> Work required
Omitting all images, set down every line below exactly as it appears.

> Input data
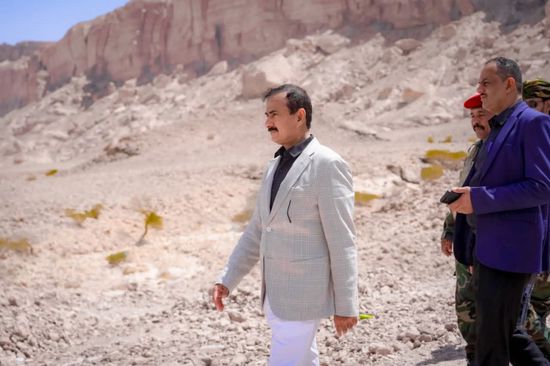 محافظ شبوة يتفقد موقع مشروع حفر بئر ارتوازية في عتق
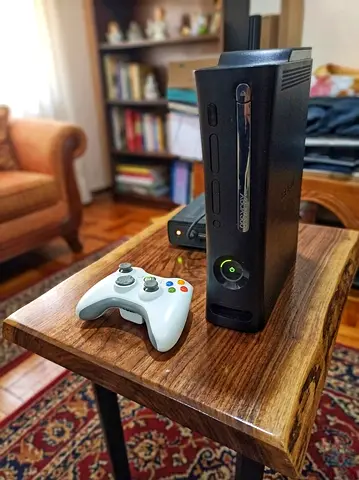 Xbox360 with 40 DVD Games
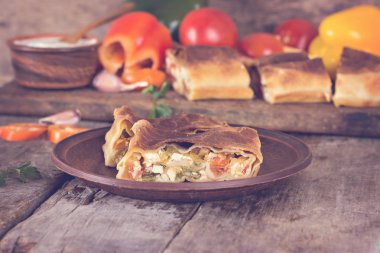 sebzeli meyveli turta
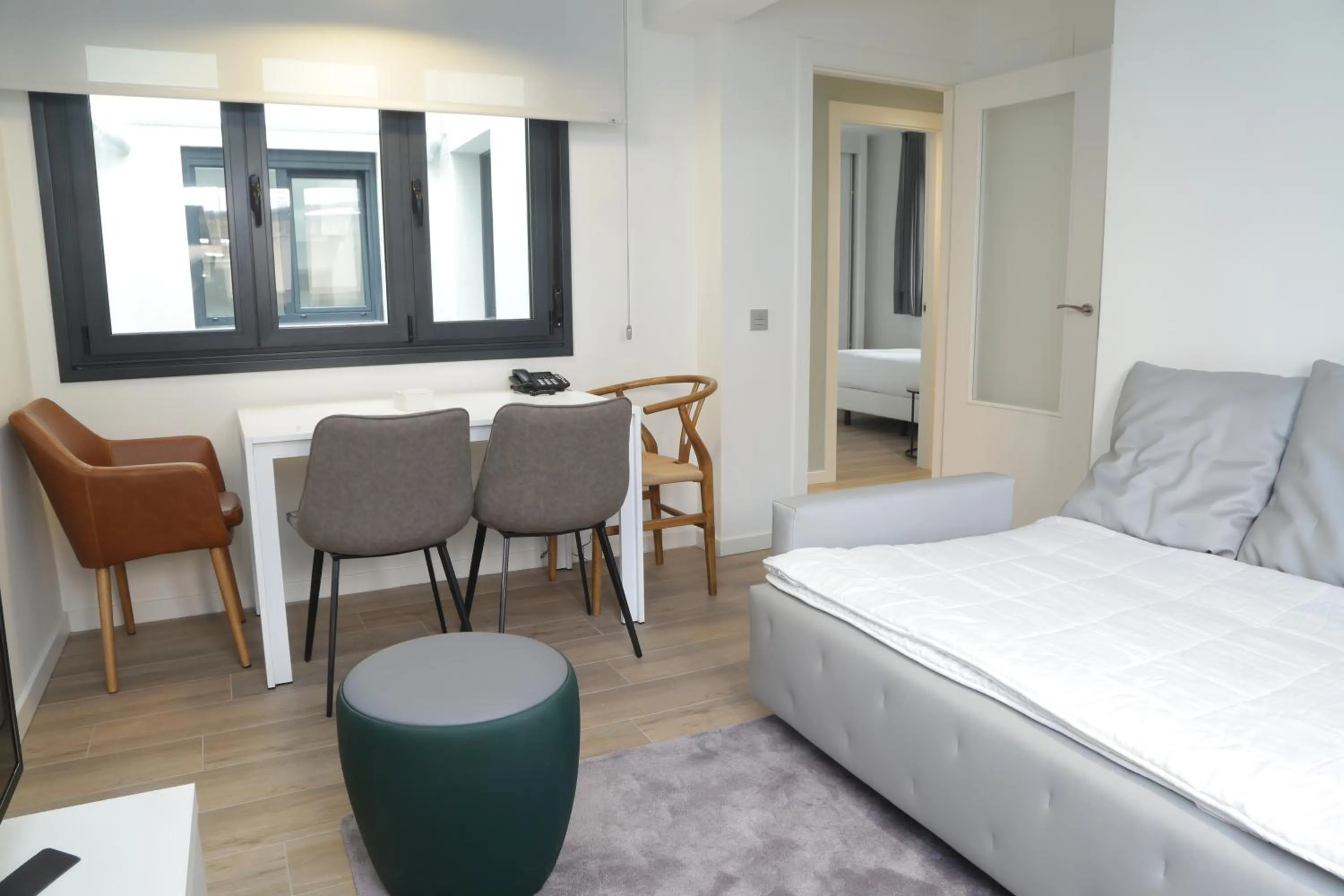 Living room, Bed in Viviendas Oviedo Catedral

> Solution to the exercise
 محافظ شبوة يتفقد موقع مشروع حفر بئر ارتوازية في عتق
 Xbox360 with 40 DVD Games
 sebzeli meyveli turta
 Living room, Bed in Viviendas Oviedo Catedral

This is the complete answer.